Primeira mulher a ocupar o cargo de ministra do Desenvolvimento Agrário e Agricultura Familiar, Fernanda Machiavelli disse que as mulheres do campo têm ajudado significativamente a aumentar a variedades de alimentos que chegam na mesa da população.
Machiavelli participou, nesta quarta-feira (15), do programa Bom Dia, Ministro , produzido pela Empresa Brasil de Comunicação (EBC ). Ela informou também que, estatisticamente, o número de mulheres rurais nas propriedades é equilibrado, na comparação com o de homens.
“O que acontece é que elas estão mais presentes na produção dos alimentos diversificados que chegam na nossa mesa”, disse a ministra.
Segundo Fernanda Machiavelli, enquanto a agricultura empresarial está focada em apenas quatro ou cinco variedades de grãos (além das carnes), a agricultura familiar produz mais de 400 variedades de alimentos. “Isso só no âmbito do Programa de Aquisição de Alimentos”.
“Então, esse [alimento no] prato diversificado e colorido que está hoje na nossa mesa, que tem oferta cada vez mais abundante, é produzido prioritariamente por mulheres. Mulheres que têm os seus quintais produtivos”, disse.
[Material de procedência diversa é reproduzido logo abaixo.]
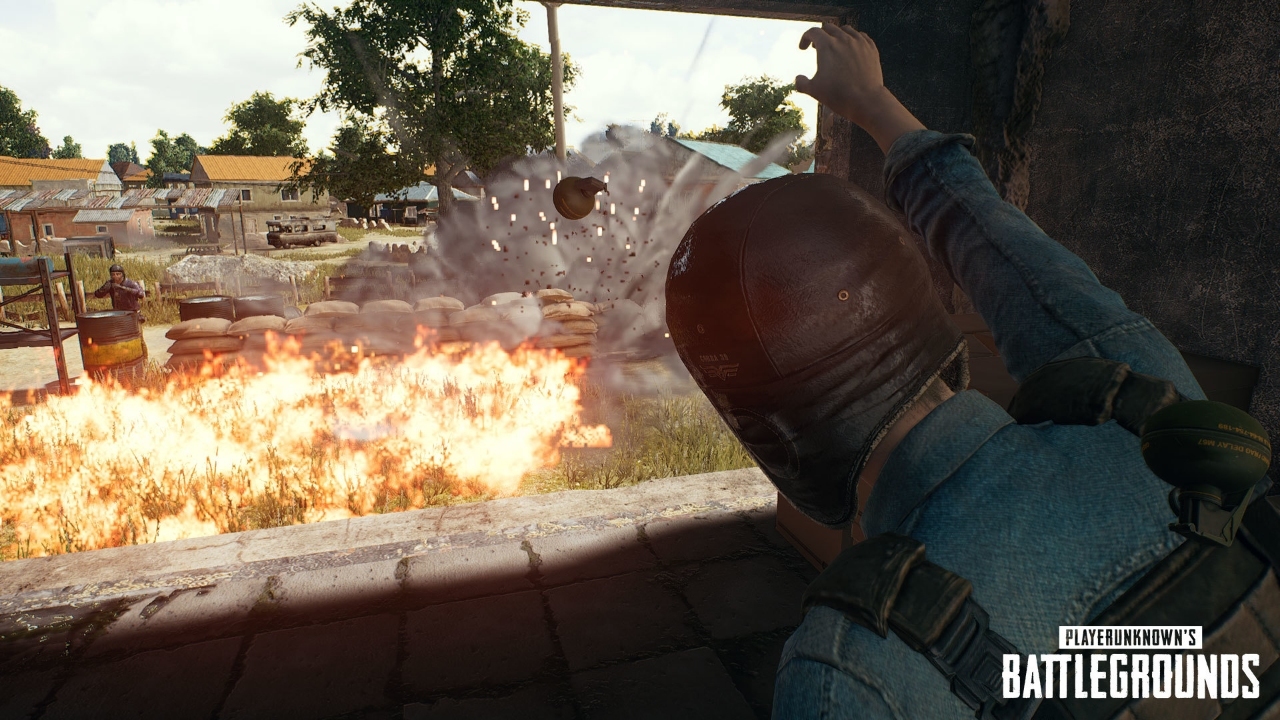 PUBG tăng độ nóng của game khi ra mắt chế độ Dodgebomb, mỗi người chơi sẽ ném lựu đạn và cầm chảo phang nhau đến chết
Ela acrescentou que, acatando reivindicações da Marcha das Margaridas , o governo federal desenvolveu programas de apoio à estruturação da produção “ali em volta da casa”, para a criação de animais e para a produção variada de alimentos.
“Já são 103 mil quintais que estruturamos para as mulheres” , destacou ao lembrar que, em meio às sobrecargas do trabalho, as mulheres rurais costumam cuidar, também, “de todo o trabalho reprodutivo”.
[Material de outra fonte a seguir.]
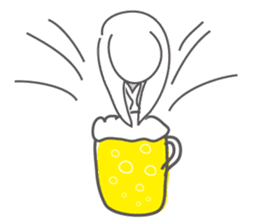 Budgerigar of Torikko sticker #11118890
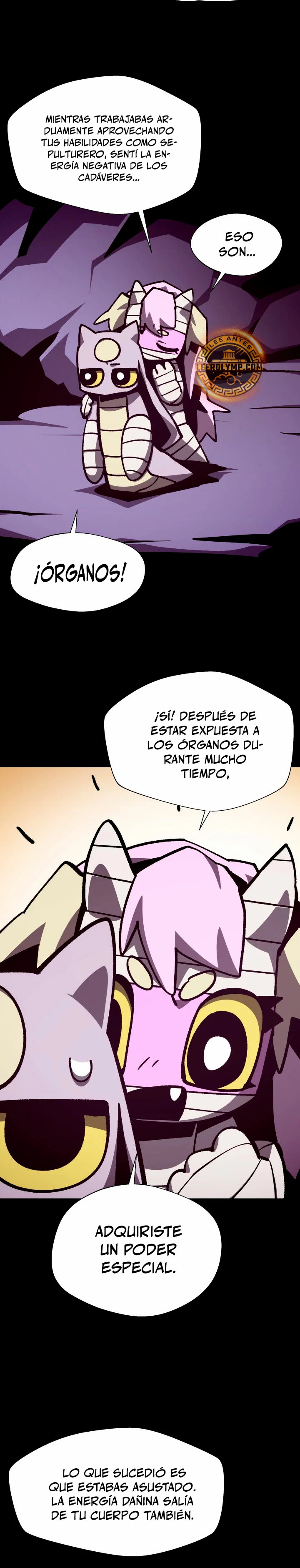Odisea en la Mazmorra Capítulo 104 - Page 8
Nesse sentido, segundo a ministra, o governo tem ouvido das mulheres que trabalham na agricultura familiar, relatos sobre dificuldades e desafios de conciliar o trabalho rural com o doméstico.
Entre as tarefas trabalhosas citadas por elas, está a de lavar as roupas – constatação que acabou por viabilizar, com a ajuda de algumas cooperativas organizadas nos assentamentos, a instalação de lavanderias coletivas agroecológicas em algumas comunidades.
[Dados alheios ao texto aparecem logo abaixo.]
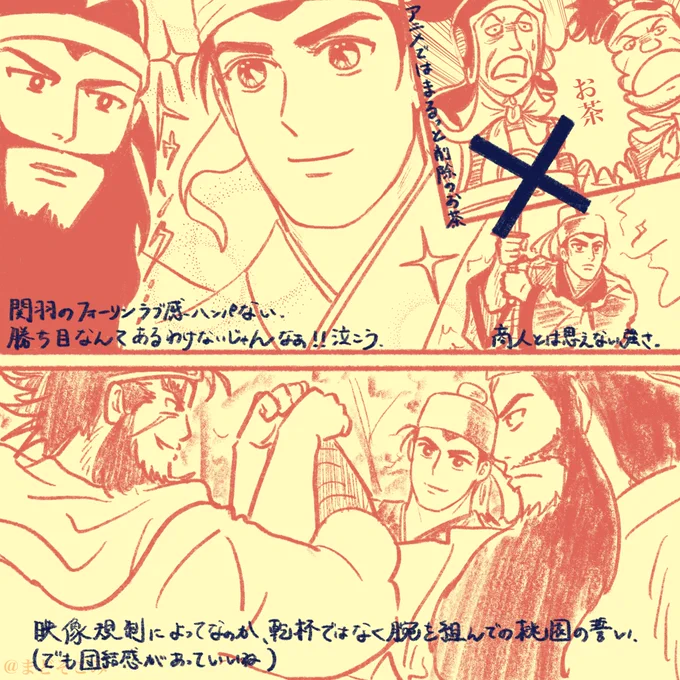5年前に初めて観た横光三国志アニメのレポがあったので再掲w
“A maioria das mulheres não tem acesso a uma máquina de lavar roupa, atividade que acaba acontecendo manualmente, levando tempo. O que fizemos? Instalamos uma lavanderia coletiva, com máquinas industriais, a ser gerida pela associação de mulheres. Lá dentro tem uma brinquedoteca, para as mulheres deixarem as crianças enquanto estão lavando a roupa”, disse a ministra.
“É também um espaço para se encontrar, tratar de questões da vida comunitária” , acrescentou ao explicar algumas das ações do governo, implementadas com o objetivo de garantir, às mulheres, “acesso ao bem viver”.
Fernanda Machiavelli citou também, entre as ações governamentais, algo considerado fundamental para quem está no ambiente rural: o acesso a máquinas e equipamentos.
“Assim como no meio urbano, as mulheres no meio rural também querem máquinas para poupar tempo. Além de lavanderias coletivas, querem roçadeiras e máquinas que economizam tempo e reduzem a penosidade do trabalho no campo. E querem tecnologias para aumentar o rendimento da produção”, concluiu.